Required action: A word-for-word copy of the records below is needed, without the images.

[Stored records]
━━━
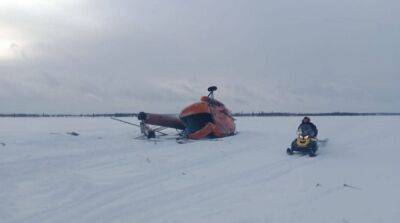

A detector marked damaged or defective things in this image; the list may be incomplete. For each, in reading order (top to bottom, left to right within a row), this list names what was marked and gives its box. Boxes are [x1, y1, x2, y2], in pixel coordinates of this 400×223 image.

crashed orange helicopter [111, 86, 236, 141]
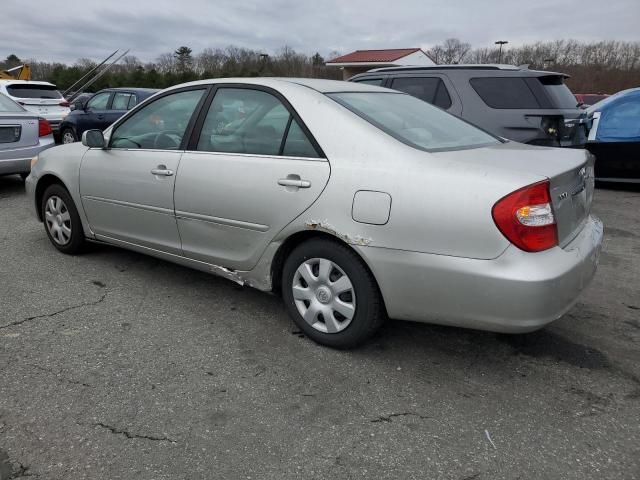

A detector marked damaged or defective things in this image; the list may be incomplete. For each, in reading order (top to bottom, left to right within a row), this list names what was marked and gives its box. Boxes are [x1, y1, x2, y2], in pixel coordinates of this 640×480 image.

cracked asphalt [0, 173, 636, 480]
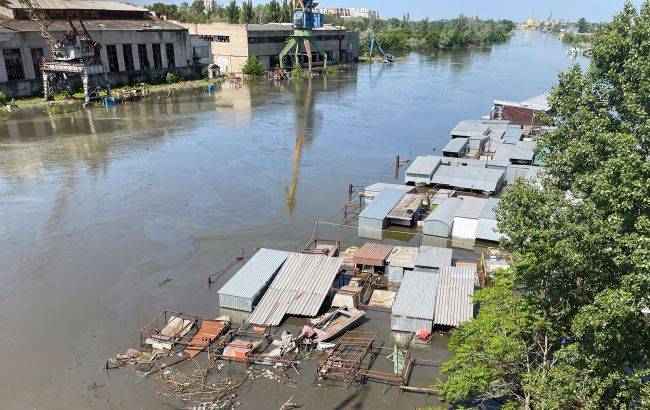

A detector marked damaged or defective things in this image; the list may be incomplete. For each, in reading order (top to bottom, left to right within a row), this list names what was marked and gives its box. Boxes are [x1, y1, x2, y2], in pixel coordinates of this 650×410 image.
━━━
Answer box:
A detector marked damaged or defective things in this image; the list may be incomplete. For each, in reading order (top to bottom, left to right within a row), this list names what was marked and gives its box. Boxes are [x1, y1, x2, y2], in pixel coordinates of this 400×223 image.

crashed orange helicopter [111, 86, 236, 141]

A detector marked damaged or defective things in this image; the list may be incomplete. For each, in reading order (top to bottom, left to right within a row), this list names what was marked and gives its box. Boxes are [x1, y1, x2, y2], in pixel coordinates of this 640×480 image.

cracked asphalt [0, 173, 636, 480]

A detector marked damaged or defective things in this image; the list may be incomplete. For each, in reading order (top to bottom, left to right within a row), this list names what was marked and gives its box. Boxes are [x1, y1, x2, y2], in pixel coordinates of this 650×410 image.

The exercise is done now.